Scoopi Cluster

Scoopi Cluster scale horizontally by distributing tasks across the cluster nodes. It is designed to run in various environments; in bare JVM or in Docker containers or even on high end container orchestration platforms such as Kubernetes. Scoopi Cluster uses Hazelcast IMDG, a fault-tolerant distributed in-memory computing platform, as its clustering library.

Let’s see Scoopi Cluster in action with multiple JVM on single host.


Download the latest release zip file from GitHub Scoopi Releases and extract the zip file to some location.

By default, Scoopi runs in solo mode. Change to cluster mode via scoopi.cluster.enable config in conf/ Optionally, change scoopi.defs.dir from quickstart example to ex-13.



By default, we have to run three instance of Scoopi to form the cluster. Open two terminals, change to folder where the Scoopi release zip is extracted, and run following command in each terminals. Wait till Cluster boots up and shows the message: wait for cluster quorum of 3 nodes, timeout 60.
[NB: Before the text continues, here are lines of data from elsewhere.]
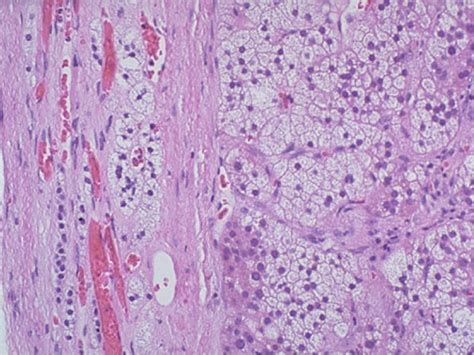 Adrenal Cortical Adenoma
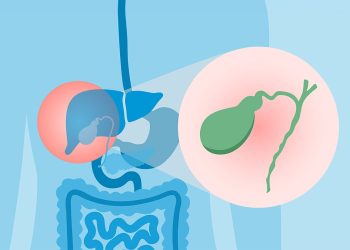 Colangitis esclerosa primaria y colitis ulcerosa: qué saber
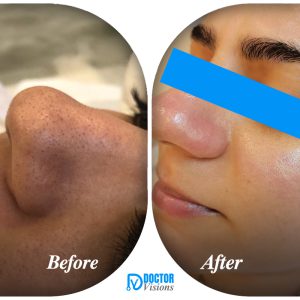 Super glowing treatment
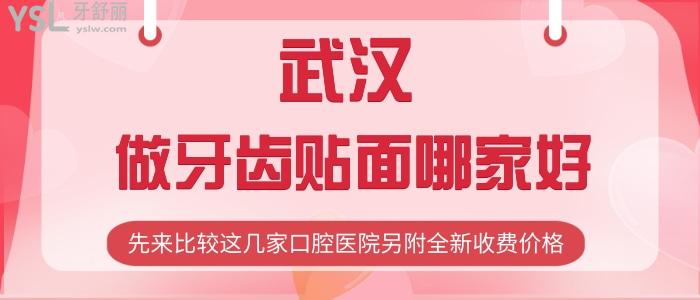 武漢做牙齒貼面哪家好？先來比較這幾家口腔醫(yī)院另附全新收費價格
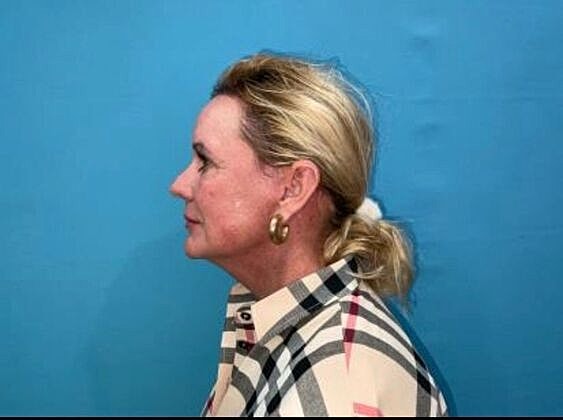 Facelift Before & After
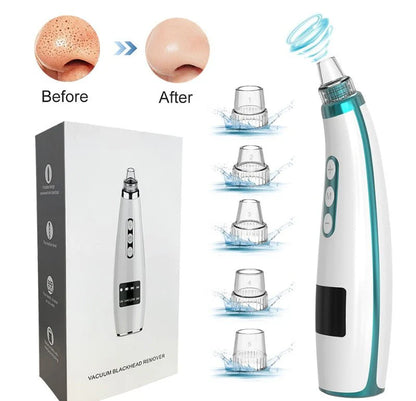 Electric Blackhead Remover - Professional Facial Treatment for Dubai | Home Spa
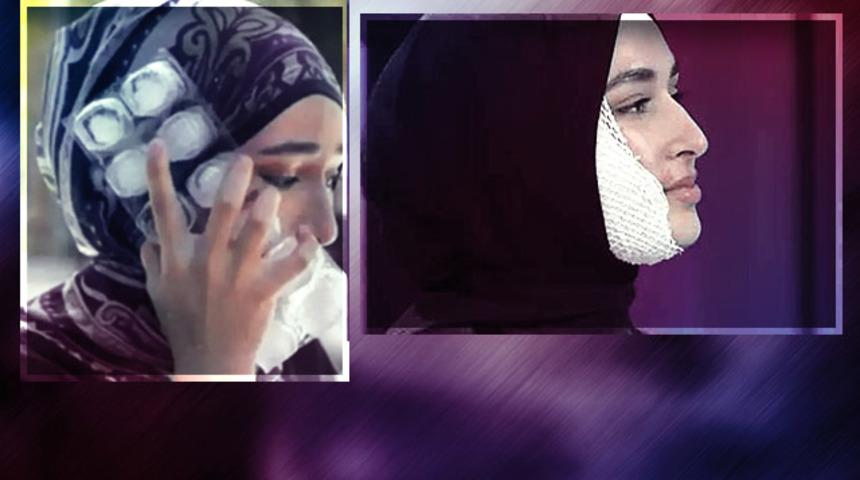 MasterChef'te yüzü yandı 'kurgu' dendi! Beyza Huri Aydın yanan yüzünün en net halini ilk kez yayınladı! Sosyal medyada yorum yağdı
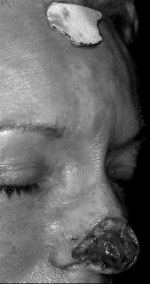 Telfa® template turned 180º and placed on the midforehead with gentian violet marking around its perimeter.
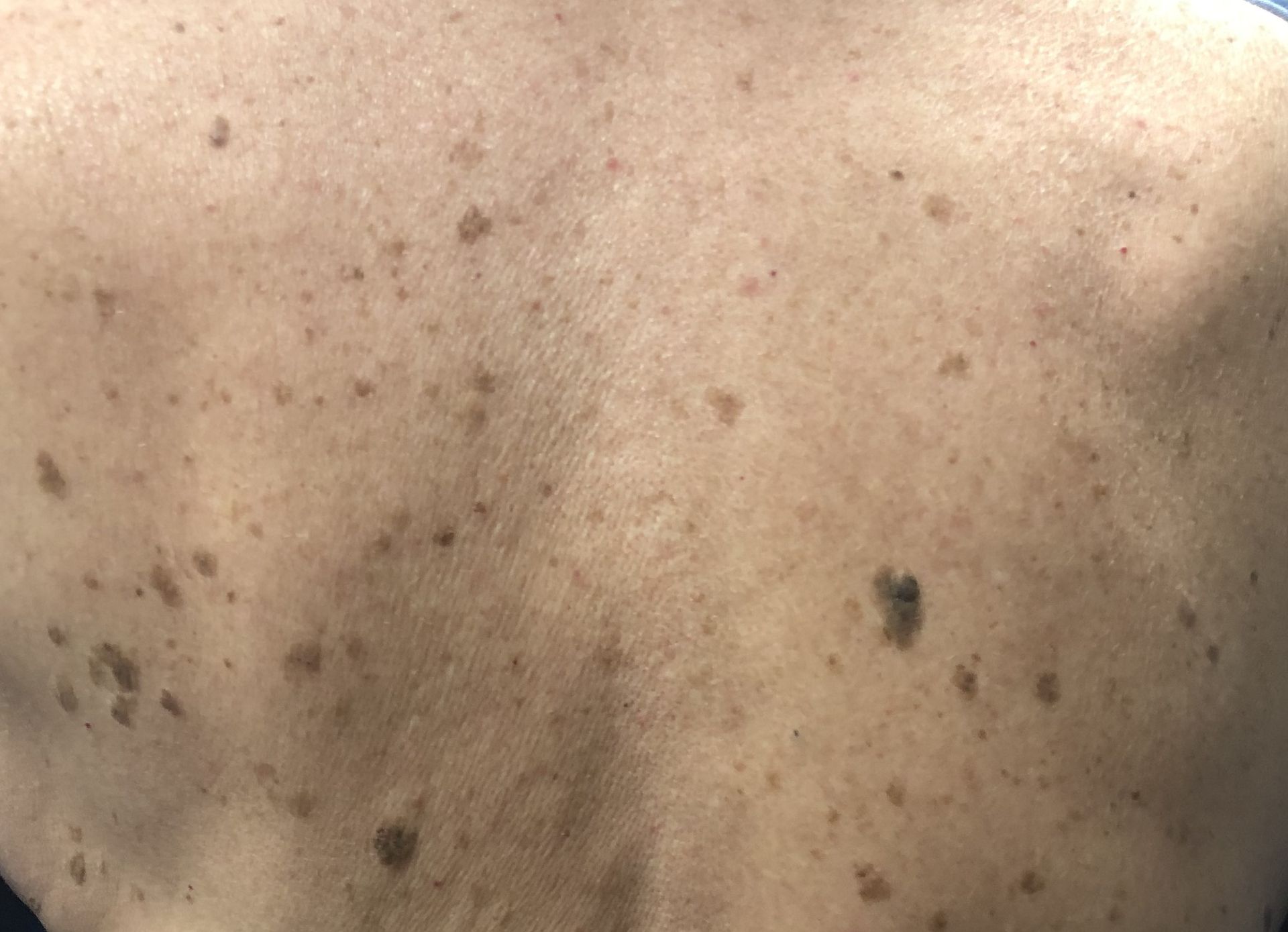 Lesions pigmentées et blanchiment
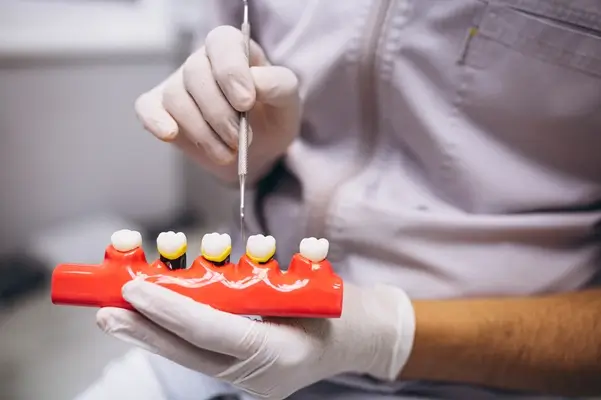 Ceramic Crowns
java -cp module/*:conf:. $JAVA_OPTS org.codetab.scoopi.Scoopi

Scoopi will not proceed further as we have started just two instances. Open one more terminal, change to Scoopi installation folder and run following command.

JAVA_OPTS="-Dscoopi.cluster.config.file=/hazelcast-tcp.xml "

java -cp module/*:conf:. $JAVA_OPTS org.codetab.scoopi.Scoopi

It starts the third instance with metrics server enabled. Once third instance boots up, cluster is formed and scoopi proceeds and completes the example and the output folder will have scraped data. The metrics server is optional and you can very well start the third instance disabling it.

Once you have three node cluster up and running, you can start any number of lightweight client instances with following command.

JAVA_OPTS+=" -Dscoopi.cluster.config.file=/hazelcast-client.xml"
java -cp module/*:conf:. $JAVA_OPTS org.codetab.scoopi.Scoopi

Clients are lightweight Hazelcast instances that doesn’t hold any distributed data structures, instead fetch jobs from servers and run them, whereas server holds and distributes the jobs among other servers in cluster and also, run scrape jobs.